テレビ局にいたころから 一貫した私のスタンス それは「テーマに寄り添うこと」

Vol.62
映画監督 海南友子(Tomoko Kana)氏
 
『“Beautiful Islands”(ビューティフル アイランズ)』という、とてもきれいな映像で、深刻な環境問題を告発した異色作が公開されました。監督・プロデューサー・編集をひとりで担ったのが、海南友子さんです。 海南さんは元・NHK報道局勤務という経歴を持つ映画監督、映像作家です。作品は、環境問題をメッセージしていながら、なぜかその土地に生きる人々に心動かされてしまう不思議な映像作品。

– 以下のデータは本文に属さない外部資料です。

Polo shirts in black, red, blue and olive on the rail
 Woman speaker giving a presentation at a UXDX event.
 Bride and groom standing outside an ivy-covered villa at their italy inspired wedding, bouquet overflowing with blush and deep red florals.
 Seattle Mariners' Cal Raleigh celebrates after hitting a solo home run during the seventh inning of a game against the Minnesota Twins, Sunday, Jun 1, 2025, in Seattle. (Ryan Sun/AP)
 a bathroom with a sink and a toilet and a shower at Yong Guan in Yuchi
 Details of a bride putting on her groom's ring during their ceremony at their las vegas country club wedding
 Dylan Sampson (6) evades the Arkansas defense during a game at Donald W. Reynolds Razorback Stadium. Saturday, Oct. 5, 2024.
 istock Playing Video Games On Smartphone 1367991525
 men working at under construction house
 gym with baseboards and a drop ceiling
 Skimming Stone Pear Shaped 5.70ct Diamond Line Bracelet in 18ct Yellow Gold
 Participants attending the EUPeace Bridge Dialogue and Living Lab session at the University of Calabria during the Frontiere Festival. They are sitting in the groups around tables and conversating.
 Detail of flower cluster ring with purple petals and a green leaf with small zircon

観る人の誰もが心のどこかに忘れ得ない記憶を残すであろう素晴らしい映画です。とにかく、お話を聞いてきました。

ツバル、ベネチア、シシマレフ島で起こっていること、 「起きる前の世界」を描いた、 『“Beautiful Islands”(ビューティフル アイランズ)」

ビューティフルアイランズ


恵比寿ガーデンシネマ他にて公開中
全国の公開情報はオフィシャルサイトまで
オフィシャルサイト http://www.beautiful-i.tv/

作品が完成し、公開された、今のお気持ちは?

『“Beautiful Islands”(ビューティフル アイランズ)』は、作品を発案した時にいだいたイメージにほぼ近いできあがりになりました。映像作品を手がけていると、すべてを納得して完成させることの大変さを痛感させられるものです。そういう意味で、とても満足しています。 これは、これまでに類型のない作品ですので、観てくださった方々からどんなリアクションがいただけるかを楽しみにしています。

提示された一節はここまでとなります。